*** Opening of Data section ***
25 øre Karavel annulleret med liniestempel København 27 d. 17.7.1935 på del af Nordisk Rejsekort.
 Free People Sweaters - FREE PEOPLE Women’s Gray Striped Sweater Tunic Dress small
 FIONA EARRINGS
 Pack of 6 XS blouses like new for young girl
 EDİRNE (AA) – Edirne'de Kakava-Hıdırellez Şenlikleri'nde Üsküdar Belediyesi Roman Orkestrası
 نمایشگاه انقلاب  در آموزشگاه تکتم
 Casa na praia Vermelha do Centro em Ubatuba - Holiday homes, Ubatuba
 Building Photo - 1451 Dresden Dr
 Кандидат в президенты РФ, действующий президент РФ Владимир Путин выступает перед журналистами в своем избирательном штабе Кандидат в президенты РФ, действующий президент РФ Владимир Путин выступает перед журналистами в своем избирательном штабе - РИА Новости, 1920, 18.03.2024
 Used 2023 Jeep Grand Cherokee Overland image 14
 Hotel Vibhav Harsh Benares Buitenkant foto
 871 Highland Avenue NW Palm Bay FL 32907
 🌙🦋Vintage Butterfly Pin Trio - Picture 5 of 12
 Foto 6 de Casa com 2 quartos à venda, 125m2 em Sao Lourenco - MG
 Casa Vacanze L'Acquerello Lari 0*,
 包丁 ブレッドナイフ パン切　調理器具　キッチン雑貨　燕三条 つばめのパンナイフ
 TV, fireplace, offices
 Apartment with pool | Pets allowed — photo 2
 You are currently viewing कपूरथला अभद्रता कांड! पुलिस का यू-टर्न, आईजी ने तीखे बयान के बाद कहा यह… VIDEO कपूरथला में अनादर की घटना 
*** Close of Data section ***
Exercise directions: Which lines run from the one containing "Used 2023 Jeep" to the end of the entries above? Quote exactly those, and only those.

Exercise response:
 Used 2023 Jeep Grand Cherokee Overland image 14
 Hotel Vibhav Harsh Benares Buitenkant foto
 871 Highland Avenue NW Palm Bay FL 32907
 🌙🦋Vintage Butterfly Pin Trio - Picture 5 of 12
 Foto 6 de Casa com 2 quartos à venda, 125m2 em Sao Lourenco - MG
 Casa Vacanze L'Acquerello Lari 0*,
 包丁 ブレッドナイフ パン切　調理器具　キッチン雑貨　燕三条 つばめのパンナイフ
 TV, fireplace, offices
 Apartment with pool | Pets allowed — photo 2
 You are currently viewing कपूरथला अभद्रता कांड! पुलिस का यू-टर्न, आईजी ने तीखे बयान के बाद कहा यह… VIDEO कपूरथला में अनादर की घटना 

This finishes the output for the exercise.